The core pattern is surprisingly simple:

while True:
    # 1. Send conversation to LLM
    response = llm.complete(messages, tools)

    # 2. If LLM wants to use a tool
    if response.has_tool_calls:
        for tool_call in response.tool_calls:
            result = execute_tool(tool_call)
            messages.append(result)
        continue  # Go back to LLM with results

    # 3. Otherwise, return the final answer
    return response.content

That’s it. Everything else is details.

1.5 What Makes Agents Powerful

Unlike traditional chatbots, agents can:

Take actions — Search the web, write files, call APIs
Iterate — Try something, observe the result, adjust
Compose — Break complex tasks into steps
Delegate — Hand off to specialized sub-agents

1.6 A Concrete Example

Imagine asking: “What’s the weather in New York and should I bring an umbrella?”

Chatbot response:

“I don’t have access to real-time weather data.”

Agent response:

Calls get_weather("New York") → “72°F, 30% chance of rain”
Reasons about the result
Returns: “It’s 72°F in New York with a 30% chance of rain.

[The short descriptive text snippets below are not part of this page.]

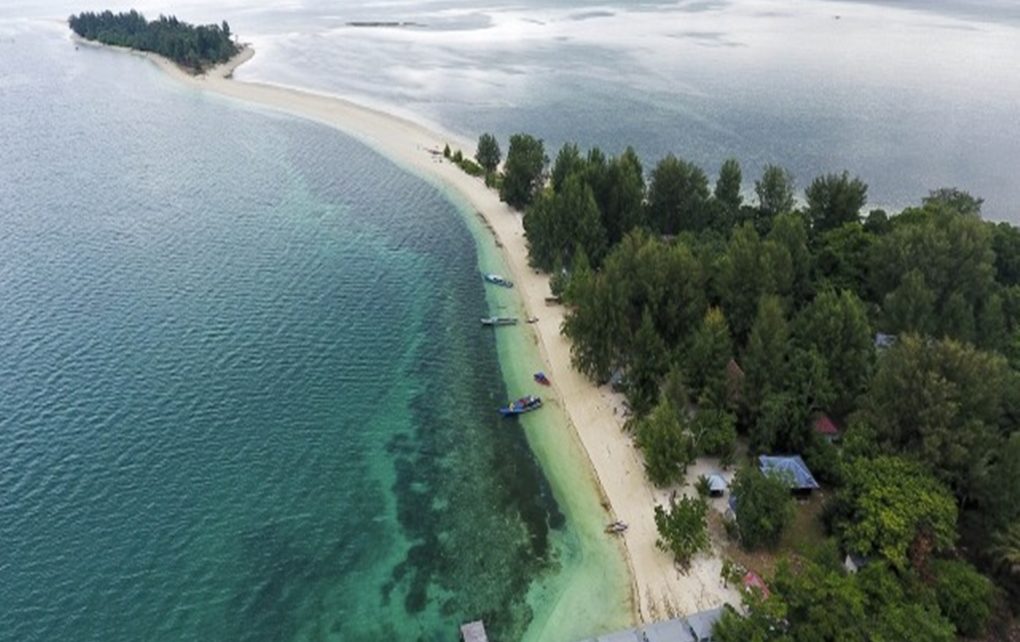 5 Pantai di Indonesia yang Tawarkan Sensasi Berjalan di Tengah Laut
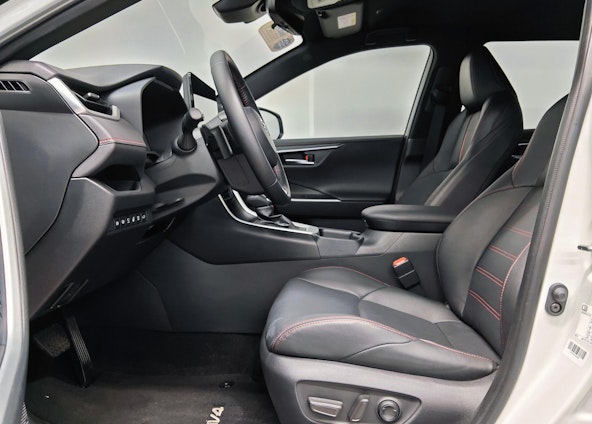 Vehicle image 4 Vehicle image 4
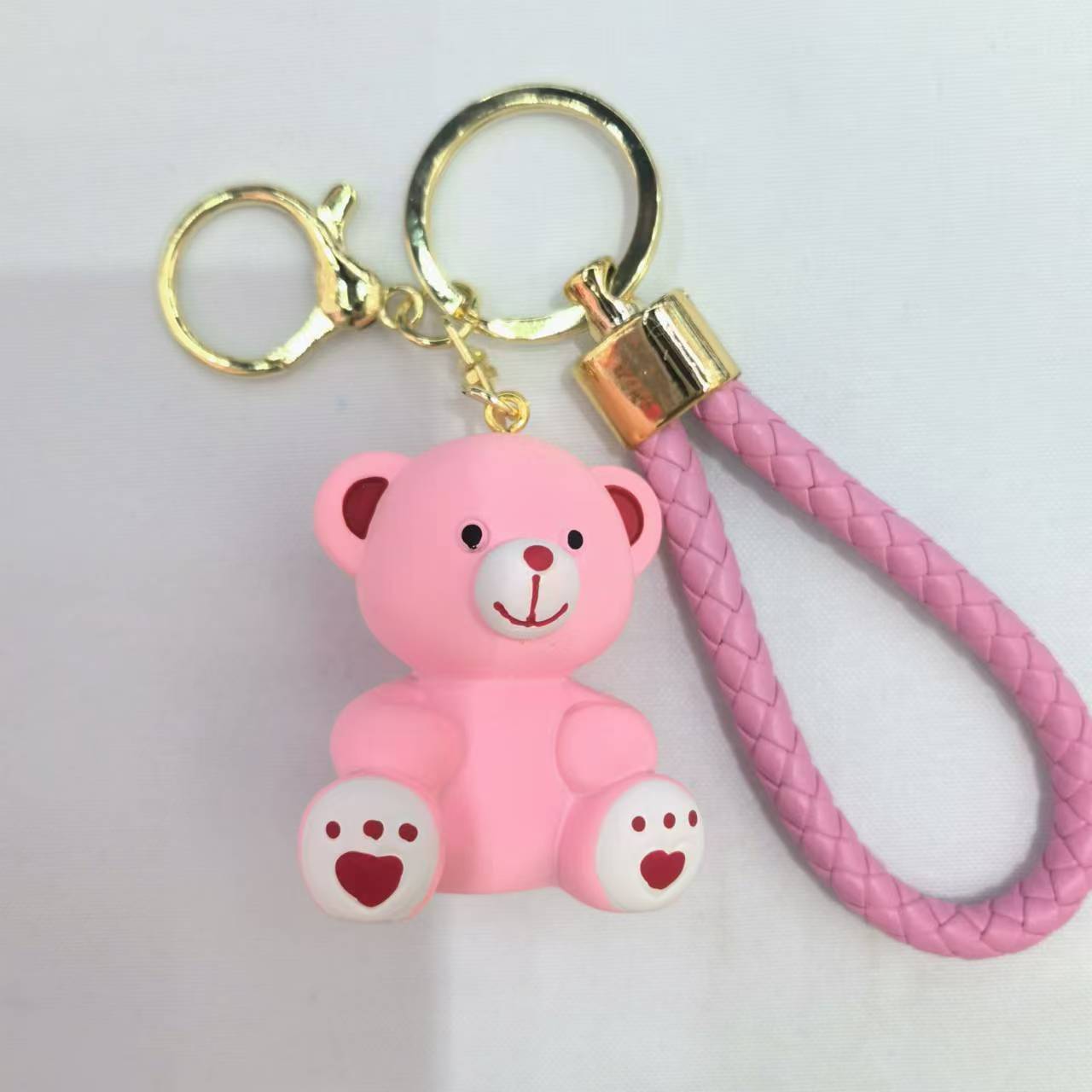 Creative resin bear keychain, cartoon bear key accessory, three-dimensional figurine pendant Specification image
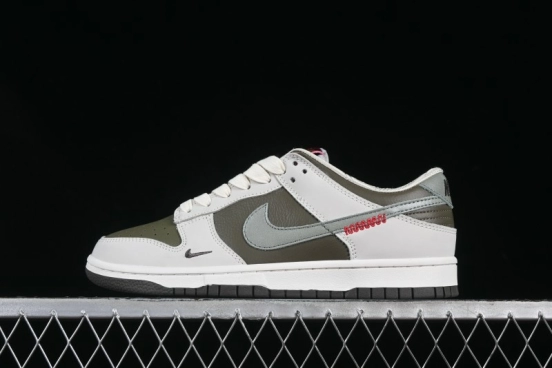 Nike SB Dunk Low Year Of Snake Limited Edition Low-Top Skateboarding Shoes - HV5980-231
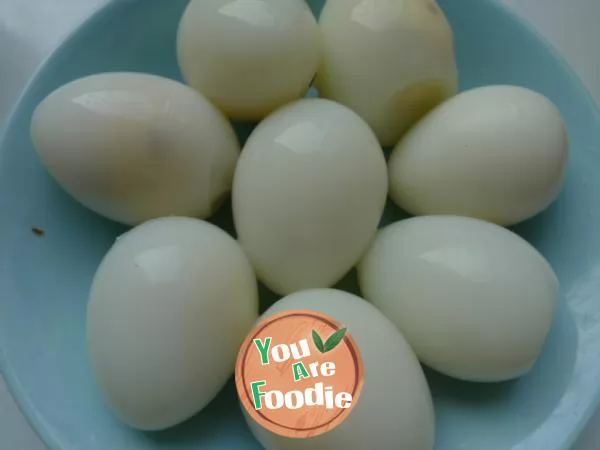 [boiled quail eggs with peanuts and black sesame seeds] make your eyes brighter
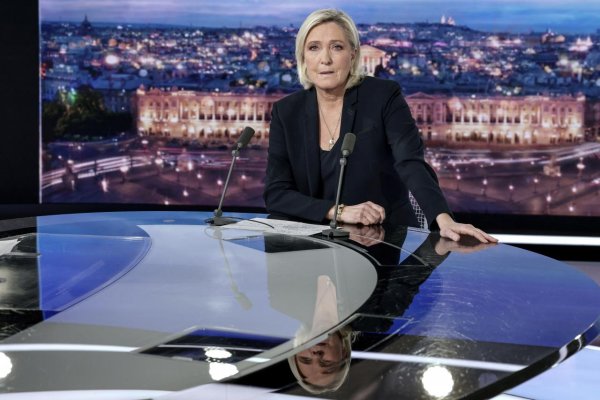 Ideovo spriaznení politici z Európy vyjadrujú Le Penovej podporu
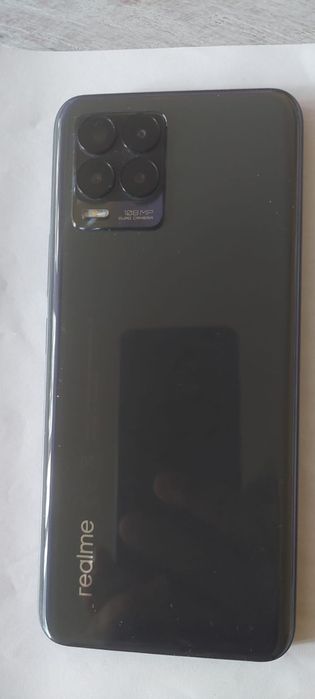Vând Realme 8 PRO  și husă Samsung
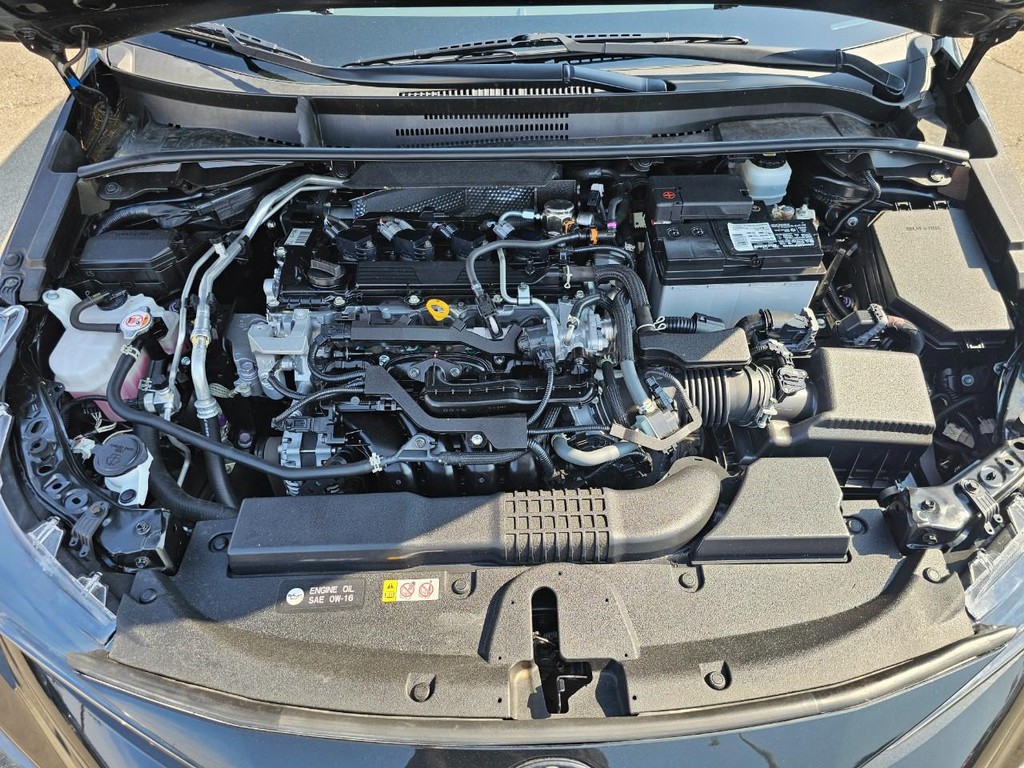 Toyota Corolla Vehicle Full-screen Gallery Image 33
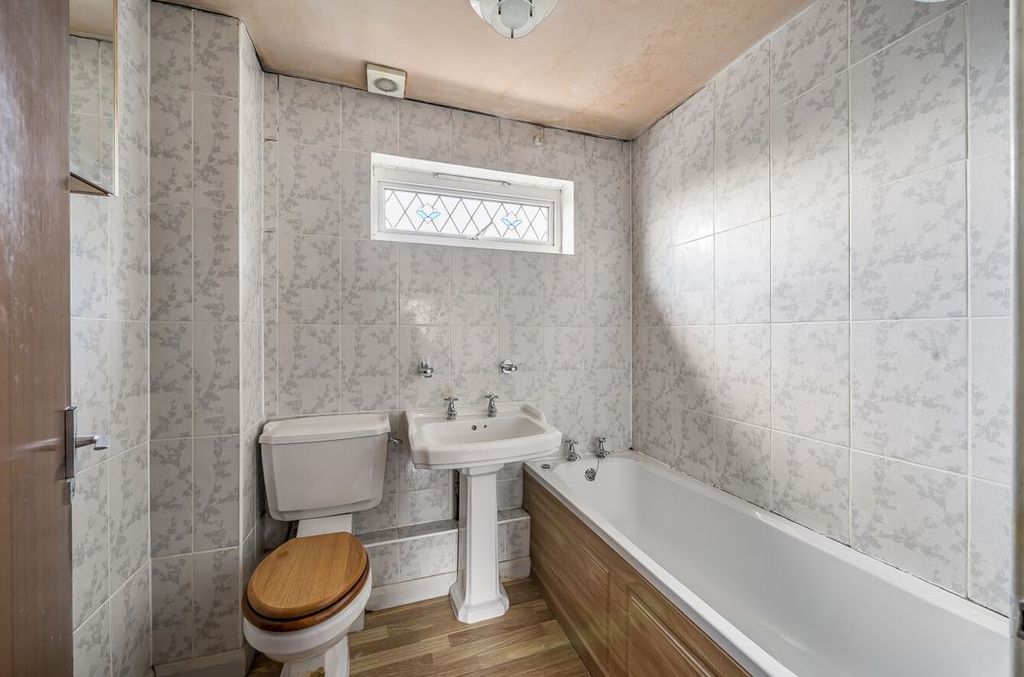 Additional image 9 of 3 bed terraced house for saleCrawford Close, Freshbrook, Swindon SN5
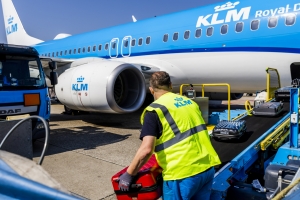 KLM ta introduci reglanan mas estricto di maleta di man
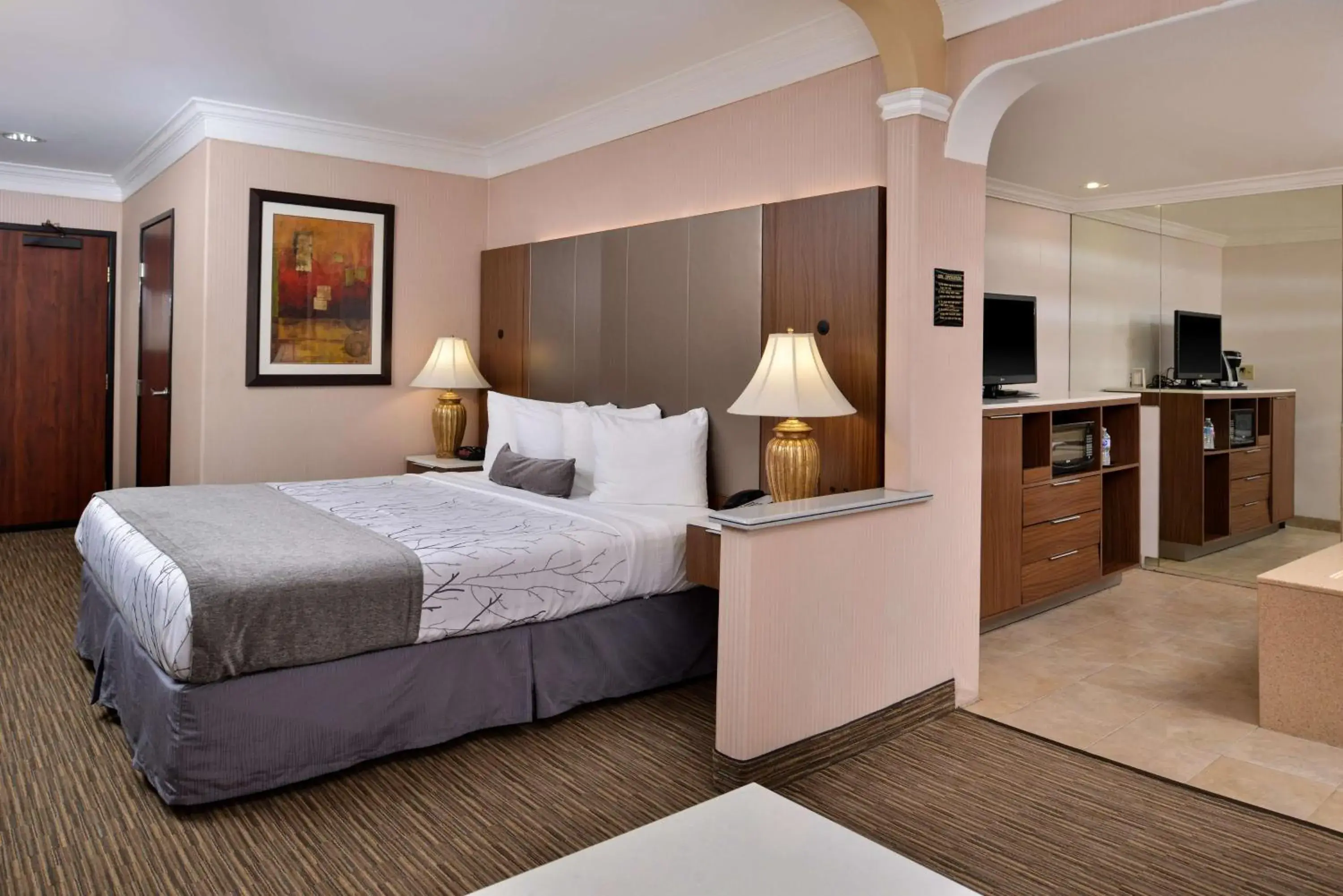Bed in Best Western Plus Suites Hotel - Los Angeles LAX Airport Bed in Best Western Plus Suites Hotel - Los Angeles LAX Airport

A light umbrella might be useful, but it’s not essential.”

The agent acts on the world, not just generates text.

1.7 Our Goal

In this book, we’ll build a framework that enables all of this in ~1000 lines of Python:

Part I — Single agent with tools
Part II — Multi-agent handoffs and composition
Part III — Production features (observability, streaming, MCP)

No magic, no hidden complexity. Let’s start.